Symington's Exit Roils Arizona GOP

Resignation opens doors for Democrats, hurts business-oriented Republicans.

At the zenith of his political career, Arizona Gov. Fife Symington basked in the glow of a state economy that outpaced the national average and was the envy of any governor.

Governor Symington prided himself as the epitome of the can-do, business-oriented politician of the 1990s who cut taxes yet still produced state surpluses year after year. The two-term governor was even regarded as a rising star in national Republican ranks.

But today at 5 p.m., Symington will resign the governorship - and perhaps eventually go to jail - in the wake of seven felony convictions for financial irregularities. His forced exit is shaking up state politics - and could be a cactus prick to the GOP nationwide.

For one thing, Symington's departure will embolden Democrats in their bid to take over the governorship at a time when the region has been edging away from its traditional Republican roots.

His conviction, too, could raise doubts about those who have emphasized a business-savvy approach to government. It will give Democrats a retort to Republican charges of ethical weakness in Washington.

"The fact that he gets nailed on the very thing he was supposed to be an expert in - you bet it hurts the party," says Rob Melnick, director of the Morrison Institute for Public Policy.

Symington, a Maryland-bred great-grandson of steel magnate Henry Clay Frick, rode into office boasting of his success as a developer while others around him were going bankrupt in the real-estate crash of the late 1980s.

It was later revealed during the 17-week trial that he was able to keep afloat during hard times not solely by skill, but also through loans from his mother. In 1995, he too declared bankruptcy.

On Wednesday a jury convicted him on seven counts of lying about his wealth on financial statements given to lenders from 1986 to 1991. The $200 million in loans he received helped his struggling development business. The jury deadlocked on 11 other counts and acquitted him on three. His lawyers plan to appeal.

Symington hands over the reins to Secretary of State Jane Dee Hull. On Nov. 10 at formal sentencing, he will find out if he will spend time in prison and be fined as much as $6.25 million.

A time of temptation

Mr. Melnick doesn't excuse Symington, but he does point out that the early 1980s were a go-go era for Arizona developers. Profits were so big that many were enticed into a headlong dash for cash - and a nonchalant attitude toward banking laws.

"Lots of developers were doing the things Symington did," Melnick says. "If the governor had been in the dry-cleaning business, he might still be governor."

Still, #it is the second time in a decade that an Arizona Republican governor has been removed from office. In 1988, Gov. Evan Mecham was impeached, though he was later acquitted of accepting illegal campaign donations.

But few think Symington's exit will destroy the state Republican Party, especially in the short term.

"I think there will be a sigh of relief in many parts of the party" now that the year-old question of Symington's fate is decided, says Phoenix pollster Earl de Berge.

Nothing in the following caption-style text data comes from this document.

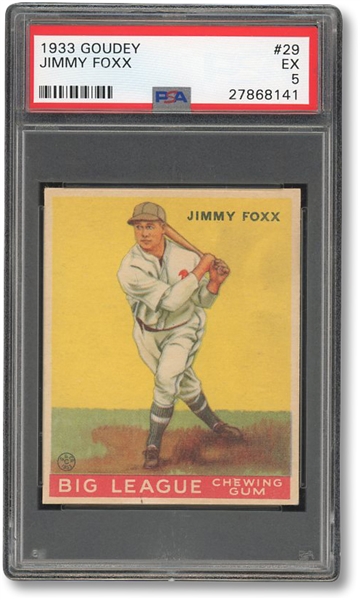 1933 GOUDEY #29 JIMMY FOXX - PSA EX 5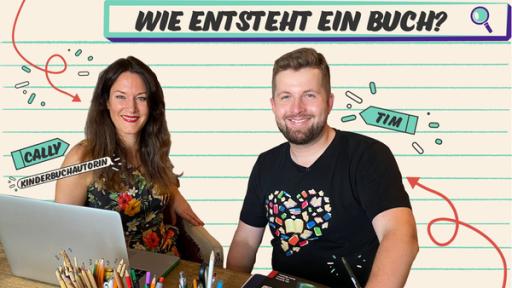 Rechte: rbb/KiKA/Matthias Eder Tim trifft Kinderbuchautorin Cally Stronk, um die Frage „Wie entsteht ein Buch?“ zu beantworten.
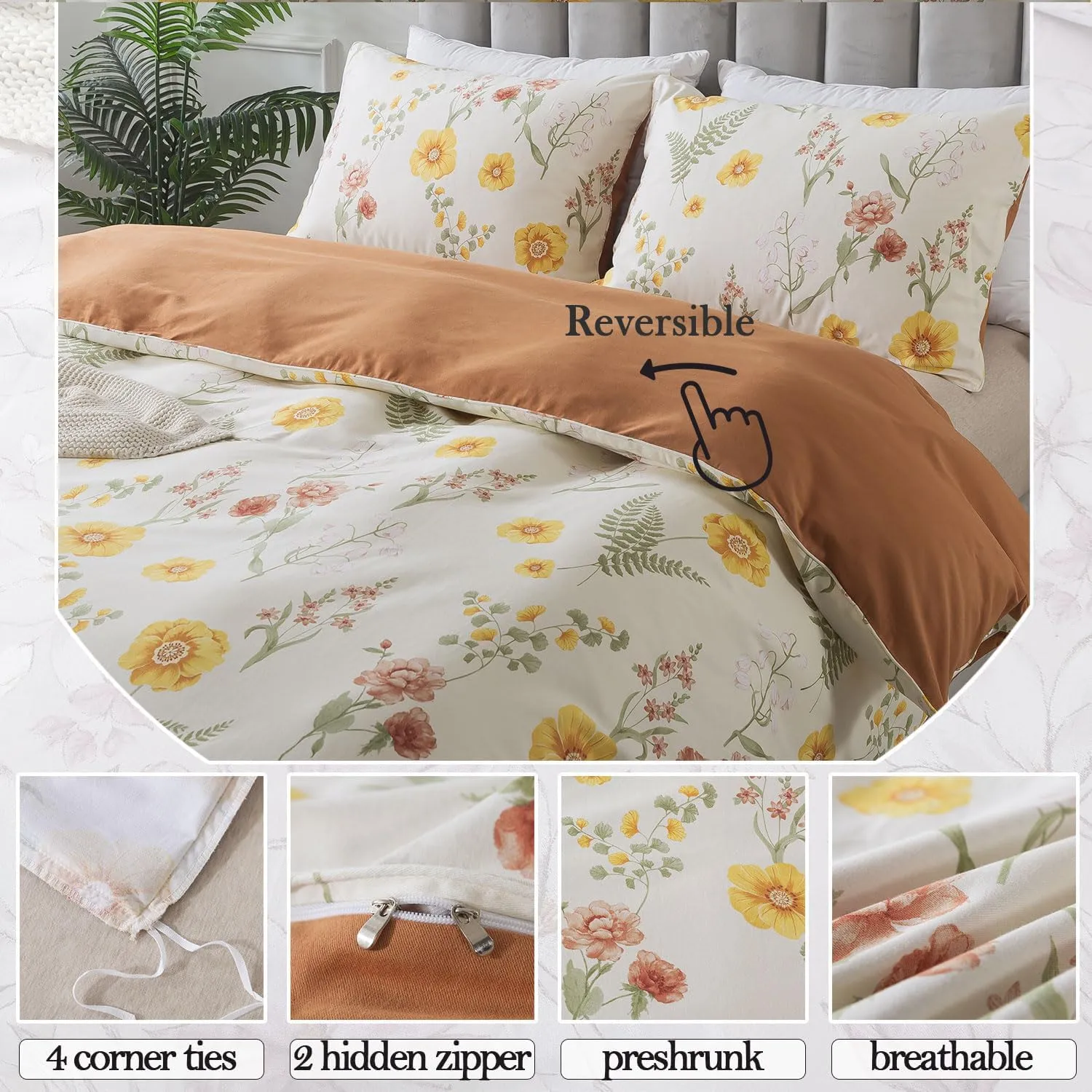 FADFAY Duvet Cover Sets Twin Size 100% Brushed Cotton Yellow Marigold Floral Patterned Comforter Cover French Country Bedding for All Season Soft Reversible Bed Cover with Zipper 3Pcs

The elevation of Mrs. Hull, regarded by many as a highly capable moderate, brings the party back to the political center.

Democrats gain in region

For Arizona, and the Southwest region as a whole, however, Symington's removal may continue to open doors for Democrats in a part of the country that has moved away from its GOP moorings. Part of the change stems from the demographic shift in recent decades that has brought moderate and liberal voters - both from the East and from Latin America - to the Southwest.

Arizona voted Democratic in the 1996 presidential election for the first time since Harry Truman was elected in 1948.

Nationally, Symington's exit makes it harder for the GOP to argue - including in the case of Vice President Al Gore and President Clinton - that "the Democrats' malfeasance was worse than anything the Republicans ever did," argues William Schneider, an analyst at the American Enterprise Institute in Washington.

If in coming campaigns, Republicans try to skewer Democrats on ethical grounds, he says, "the Democrats will have two words: Fife Symington."